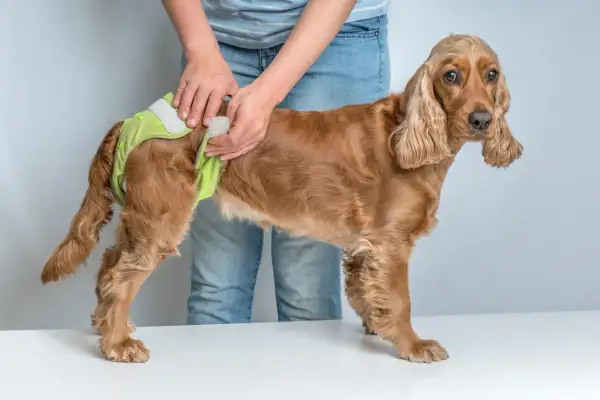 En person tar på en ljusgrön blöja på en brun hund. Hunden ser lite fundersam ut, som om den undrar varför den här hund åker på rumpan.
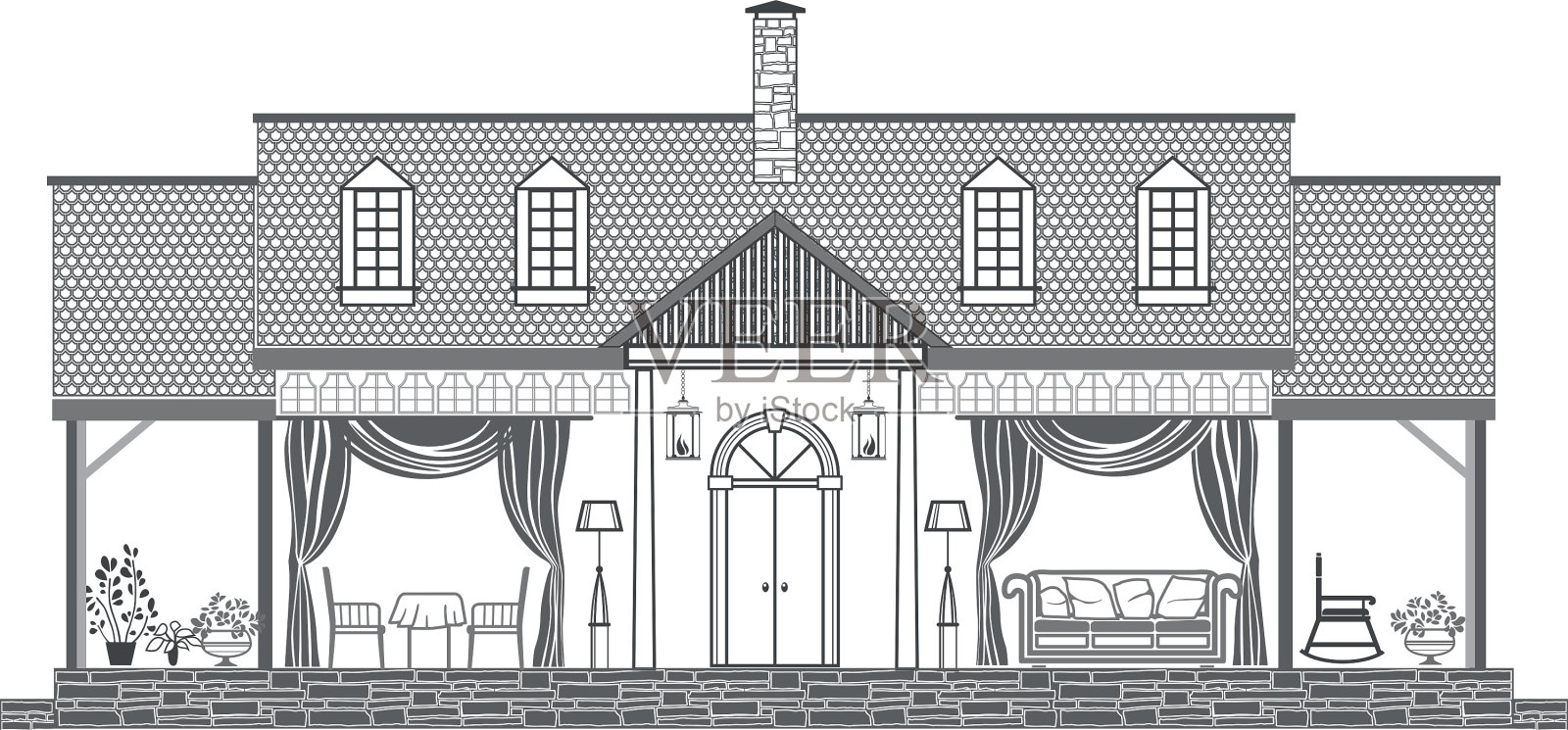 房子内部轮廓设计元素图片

...

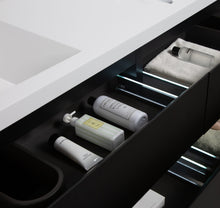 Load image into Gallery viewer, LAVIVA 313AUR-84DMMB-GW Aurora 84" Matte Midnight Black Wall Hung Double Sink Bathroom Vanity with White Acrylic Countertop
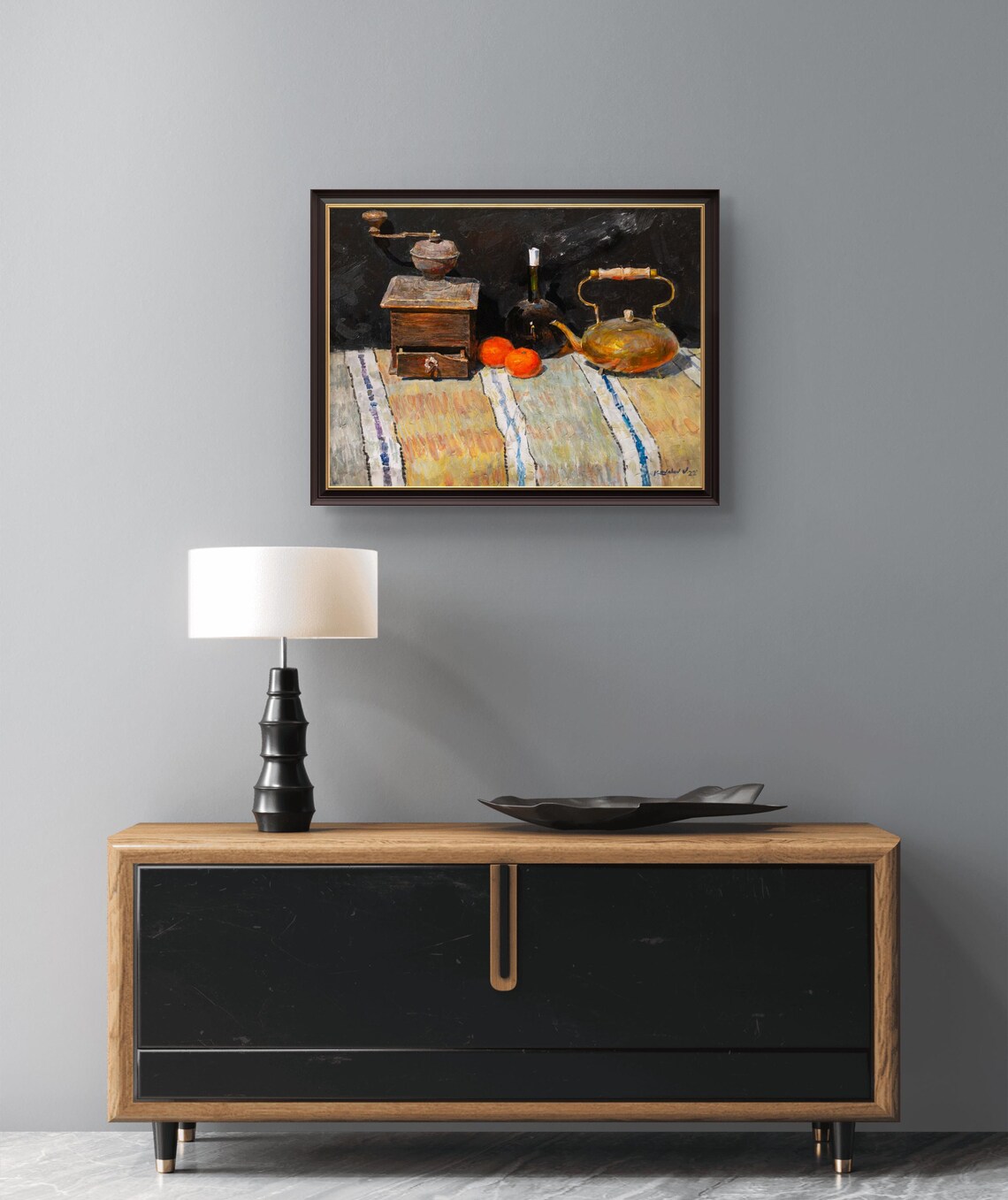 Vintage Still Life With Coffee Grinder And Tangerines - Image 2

[YOUR OBJECTIVE]: What you write must match the listing exactly, from the line with "En person tar" up to and including the line with "房子内部轮廓设计元素图片". Pictures stay out.

[TASK RESULT]:
 En person tar på en ljusgrön blöja på en brun hund. Hunden ser lite fundersam ut, som om den undrar varför den här hund åker på rumpan.
 房子内部轮廓设计元素图片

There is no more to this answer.